Israel rejected in November 2006 a Palestinian offer to halt attacks against Israel in exchange for a cessation of Israeli onslaughts in the occupied territories.
Escalation
Palestinian analysts expect Israel to set up its aggressions to achieve several goals.
"Israel wants to drag Palestinian resistance groups into a violent response to justify a long-awaited military onslaught against Gaza Strip," Hani Al-Masri told IOL.
"Reports coming from Israel indicate that a Gaza offensive is only a matter of time."
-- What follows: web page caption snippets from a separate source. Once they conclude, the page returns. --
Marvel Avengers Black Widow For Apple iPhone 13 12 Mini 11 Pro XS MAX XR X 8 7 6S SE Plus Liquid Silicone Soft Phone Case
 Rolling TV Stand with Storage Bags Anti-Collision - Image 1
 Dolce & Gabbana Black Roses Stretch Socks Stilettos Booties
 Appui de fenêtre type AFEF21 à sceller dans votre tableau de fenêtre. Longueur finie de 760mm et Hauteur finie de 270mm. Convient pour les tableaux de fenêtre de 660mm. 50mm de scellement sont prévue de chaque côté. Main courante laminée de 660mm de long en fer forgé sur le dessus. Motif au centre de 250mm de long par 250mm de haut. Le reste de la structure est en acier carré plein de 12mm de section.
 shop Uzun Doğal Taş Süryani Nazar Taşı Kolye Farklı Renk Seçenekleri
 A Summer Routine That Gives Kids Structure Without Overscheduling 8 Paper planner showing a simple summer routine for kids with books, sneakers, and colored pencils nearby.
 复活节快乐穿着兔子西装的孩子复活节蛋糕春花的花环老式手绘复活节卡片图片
Al-Masri cited claims by Yoav Galant, commander of the Israel's southern region, that foreign experts are training Palestinian fighters and that resistance factions have exploited the ceasefire to buildup their military capabilities.
Ayman Youssef, another analyst, said the Israeli escalation aims to torpedo the new security plan outlined by Interior Minister Hani Al-Qawasmi.
"Israel seeks to disrupt the implementation of the security plan which aims to close the thorny file of Palestinian infighting."